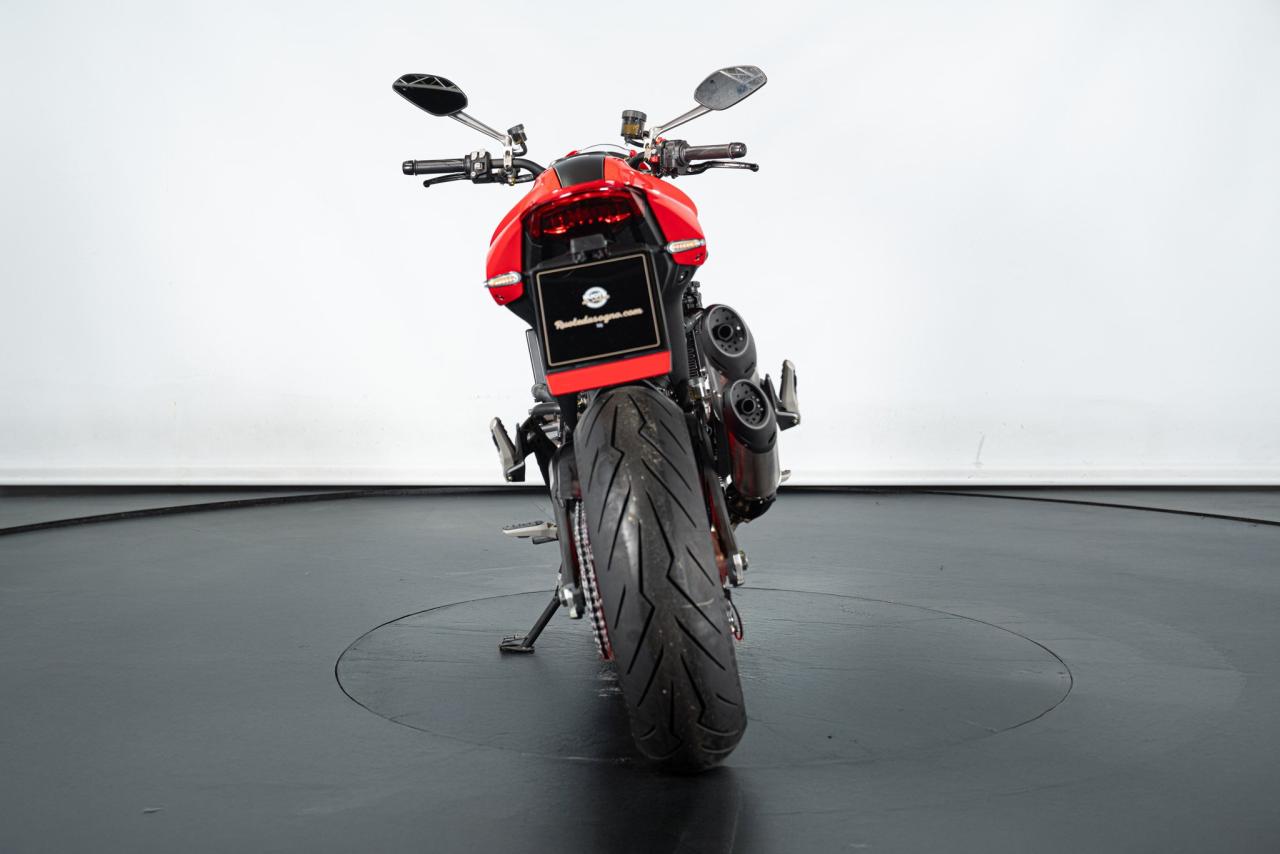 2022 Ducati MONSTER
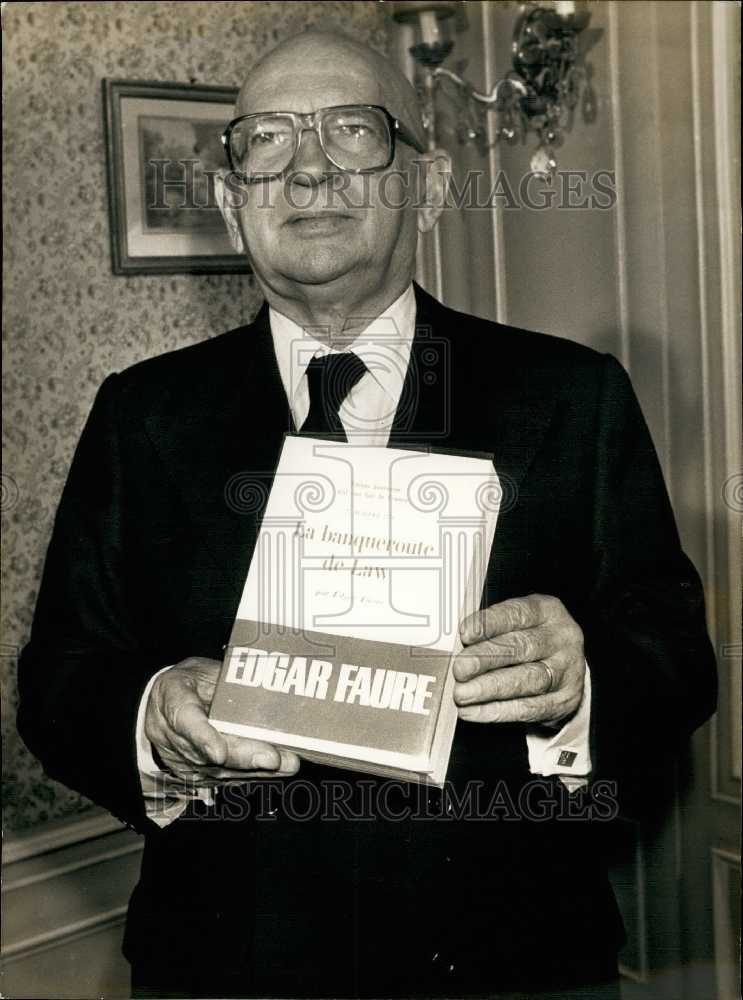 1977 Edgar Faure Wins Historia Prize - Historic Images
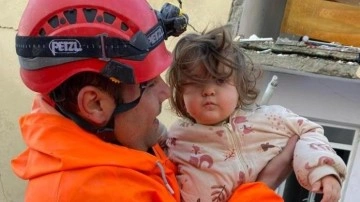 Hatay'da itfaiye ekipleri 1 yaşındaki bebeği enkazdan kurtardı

---

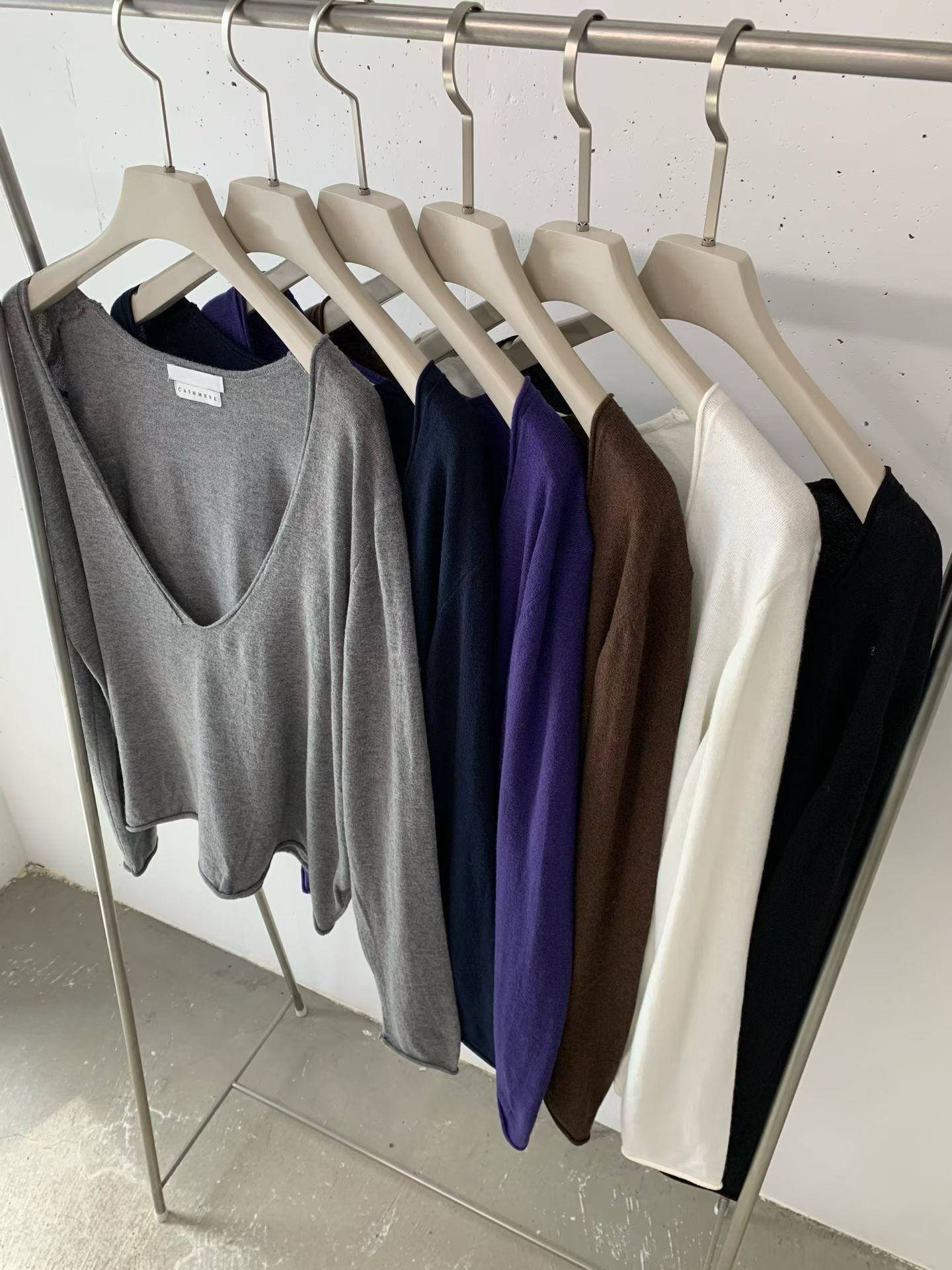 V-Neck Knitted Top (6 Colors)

> **What to do**:
Output exactly the lines of the listing above that start with the one holding "2022 Ducati MONSTER" and go on through the one holding "Hatay'da itfaiye ekipleri"; leave the pictures out.

> **Answer**:
 2022 Ducati MONSTER
 1977 Edgar Faure Wins Historia Prize - Historic Images
 Hatay'da itfaiye ekipleri 1 yaşındaki bebeği enkazdan kurtardı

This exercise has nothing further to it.